Maalesef, günümüz dünyası savaşlar, işgaller ve küresel krizlerle sarılmış durumda. Bu vahim durumun en büyük bedelini ise en savunmasız, mazlum ve masumlar ödüyor.

Gazze'de yaşananlar, bu acı gerçeğin en somut örneğidir. İsrail, yıllardır Filistin topraklarındaki Gazze şehrini dünyanın en büyük açık hava hapishanesine dönüştürdü.

Gazze sakinlerinin temel ihtiyaçlarını dahi karşılamalarına engel olmuş, kardeşlerimizi topraklarından sürmüş ve mülklerini haksız bir şekilde ellerinden almıştır.

Onlara yaşama hakkı tanımamış, siviller, kadınlar, çocuklar ve yaşlılar dahil olmak üzere masum bir halk, dehşet verici silahlar ve bombalarla katledilmiştir. Gazze'de bugün, tüm dünya önünde tarihin en büyük zulmü yaşanmaktadır.

Tüm bu baskı ve zulümlere karşı, Müslümanlar için özgürlük mücadelesine direnme dışında başka bir seçenek kalmamıştır.

Aziz Müslümanlar!

Tarih bize göstermektedir ki, zulüm ebedi olamaz ve zulümle âbâd olunamaz. Masumların kanları üzerine kurulu hiçbir hükümranlık uzun süre ayakta kalamaz. وَاللّٰهُ مُتِمُّ نُورِه۪ وَلَوْ كَرِهَ الْكَافِرُونَ “Kâfirler istemeseler de Allah nurunu tamamlayacaktır.” Filistinli kardeşlerimiz, Allah’ın izni ve yardımıyla kendi ülkelerinde özgürce yaşama imkânına mutlaka kavuşacaktır.

Kıymetli Kardeşlerim!

Ümmet-i Muhammed olarak sorumluluğumuz, birlik ve dayanışma içinde hareket etmek, kardeşlik bağlarımızı canlı tutmak ve Filistinli kardeşlerimize maddi ve manevi destek sunmaktır. Onların haklı mücadelesini destekleyerek işgal altındaki topraklarına geri kazandırmak için yoğun gayret sarf etmektir.
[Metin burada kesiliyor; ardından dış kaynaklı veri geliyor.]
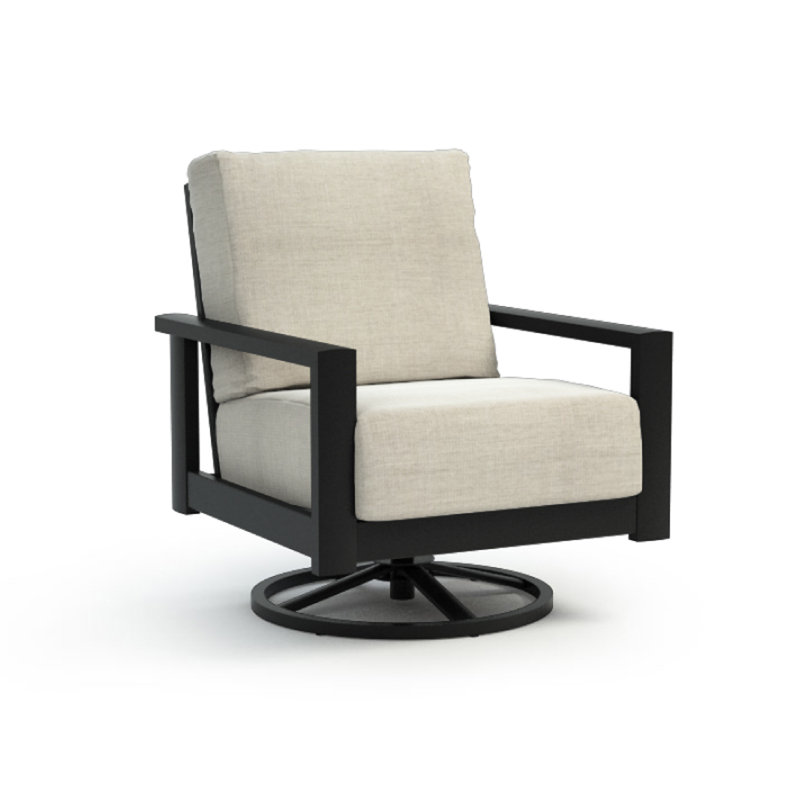 Chaise de patio pivotante avec coussins Elements, Noyer Blanc, Argenté Cast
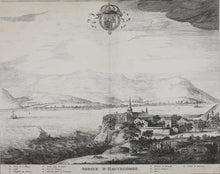 Load image into Gallery viewer, Giovanni Tommaso Borgonio, after. View of Hautecombe Abbey. Engraving. ca 1674.
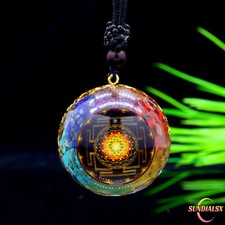 Natural Crystal Orgonite Pendant Necklace 7 Chakra Healing Energy Talisman Gift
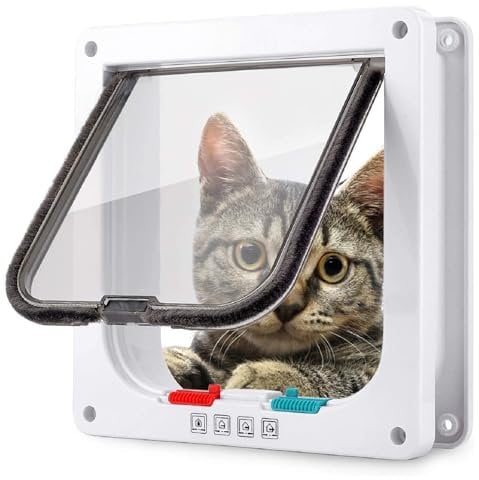 Puertas Cachorros,Puerta para Gatos,ABS Acrílico Gateras para Gatitos,Gatera para Mascotas Pequeño,Puerta para Mascotas para Gatos Perros Pequeños con Bloqueo Giratorio de 4 Vías,Interior y Exterior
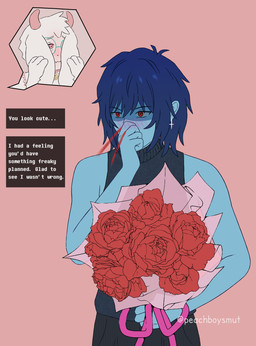 anthro blood blue_body blue_hair blush blush_lines bodily_fluids clothed clothing covering covering_face dialogue ear_piercing ear_ring embarrassed eyewear flower fully_clothed fur glasses hair holding_object holidays horn nosebleed paws piercing plant red_eyes ring_piercing rose_(flower) shirt simple_background speech_bubble tank_top text text_box topwear wearing_glasses white_body white_fur peachboysmut deltarune undertale_(series) valentine's_day kris_dreemurr ralsei bovid caprine darkner goat human mammal 2026 digital_media_(artwork) english_text hi_res nonbinary_(lore)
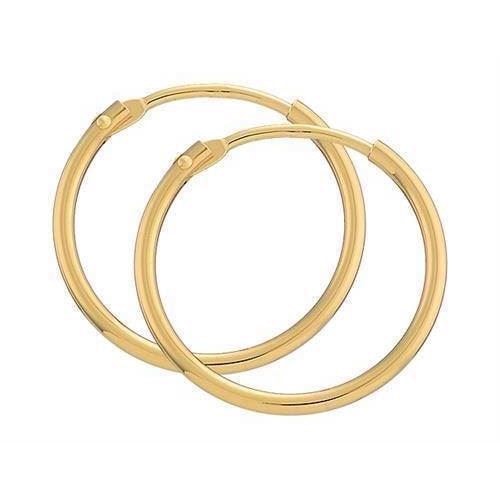 BNH  blanke 14 kt rødguld Øre creoler, Ø 17,5 mm x 1,3 mm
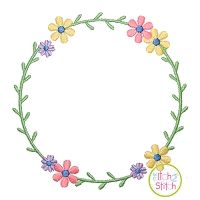 Sweet Floral Frame 2 Embroidery Design | Machine Embroidery Designs by JuJu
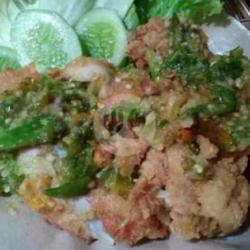 (tanpa Nasi )ayam Geprek Sambal Lado Ijo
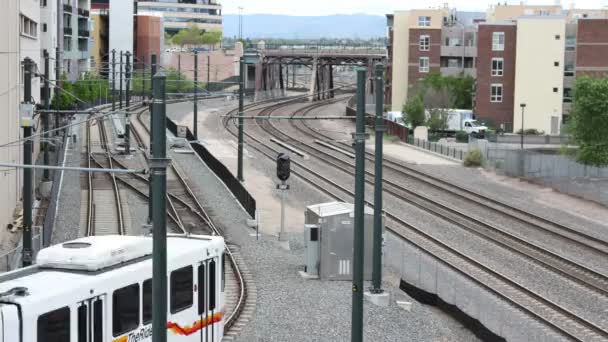 Tram train in denver colorado — Stock Video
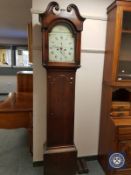 A George III oak eight day longcase clock with painted dial signed John Brown, Aberdeen,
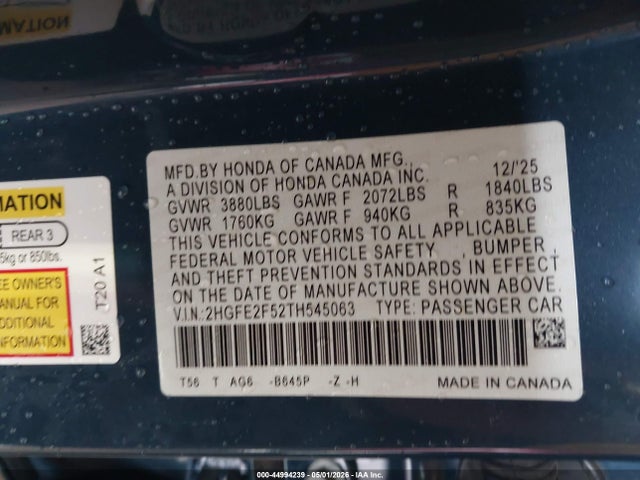 44994239 :رقم المزاد ، 2HGFE2F52TH545063 vin ، 2026 Honda Civic Sport مزاد بيع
Hak ve adalet mücadelemizi sürdürürken İslam'ın belirlediği sınırlara saygı göstermek esastır. Yanıltıcı bilgilere ve yanlış bilgilere itibar etmemek, her alanda güçlenmek ve dünya genelinde adalet ve merhametin teminatı olan bir medeniyeti inşa etmek için elbirliğiyle çalışmaktır.

Değerli Müslümanlar!

Bu mübarek Cuma gününün bu anında, yürekten dua edelim Rabbimize: Allah'ım! Dünya genelinde topluca katledilen mağdur ve mazlum Filistinli kardeşlerimize yardım et! Zulme uğrayan tüm mazlumlar için yardım elini uzat! Vatanımızı, milletimizi ve tüm insanlığı kötülüklerden koru! Ümmet-i Muhammed'e birlik, beraberlik, sağduyu ve anlayış bahşet! Amin.